Citizens for Limited Taxation

Unanticipated influx of Brazilian students taxes school budget Thursday, January 5, 2006
Tyler B. Reed/ Daily News Staff Metrowest Daily News
FRAMINGHAM -- An unexplained influx of new Brazilian immigrant students in recent months has forced the school district to open two new bilingual classes in the kindergarten and first grade.

The surge is surprising school officials, who have seen the town's Brazilian population level off since 2001, and is crimping an already tight school budget.

The district hired a new teacher early last fall when the bilingual kindergarten class at Potter Road Elementary School reached 31 students, Director of Bilingual Services Susan McGilvray-Rivet said.

Now school officials are adding a first-grade bilingual class at Woodrow Wilson Elementary School to accommodate large groups there and at Potter Road.  The district is moving a few students from Potter Road, which now has 28 Portuguese-speaking first-graders, to Wilson Elementary, which has 31.

Each school had about 25 bilingual first-graders when the school year started.  As a guideline, the School Committee has said first-grade classes should not exceed 24 students.

"The classes even to start the year were definitely at a maximum," McGilvray-Rivet said.  "Once we got more students, then we really had to do something about it."

In healthy economic times, school districts might begin the year with smaller classes in anticipation of new enrollment.

"The financial situation has been so tight that we've had to plan for the number of students that we have," McGilvray-Rivet said.  "We have to react after the fact."

She said the immigrant population in the second grade is also creeping higher at the two schools -- 27 at Wilson and 26 at Potter Road.  And the high school has added between 20 and 25 immigrant students since the end of the last school year.

Leaders of local and state immigrant advocacy groups said they have seen no evidence of a surge in immigrants from Brazil.

"I've been hearing of people moving out more than moving in," said Ilma Paixao, president of the Brazilian American Association in Framingham.

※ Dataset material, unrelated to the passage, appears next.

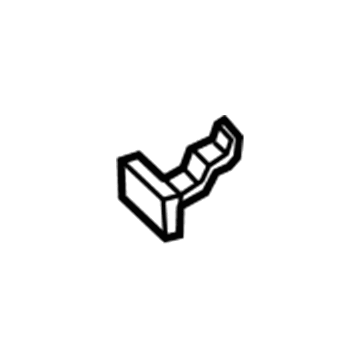 Volkswagen 1J0-881-254-D-B41 Handle Volkswagen 1J0-881-254-D-B41 Handle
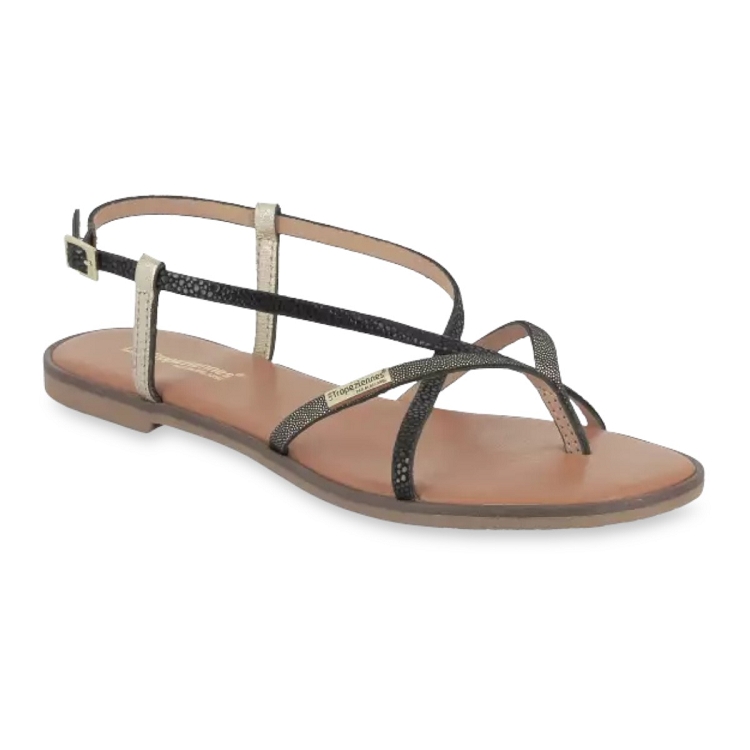 Les tropeziennes par m b femme monagum noir2653902_2 sur voshoes.com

Ali Noorani, the executive director of the Massachusetts Immigrant and Refugee Advocacy Coalition, said the students might be from families who are not new to the area and only now decided to enroll their children.

"It would be kind of surprising that there's a sudden influx," he said.  "I would venture that these are families coming of age."

McGilvray-Rivet said she knows the students are from new families because the school district gathers residency data and information about students previous schooling before they are enrolled.

Assistant Superintendent Walter McClennen is scheduled to present a detailed report on class sizes to the School Committee on Jan. 10.

"We do have an increase in the Brazilian population coming into the schools," he said.  "That's something we're watching."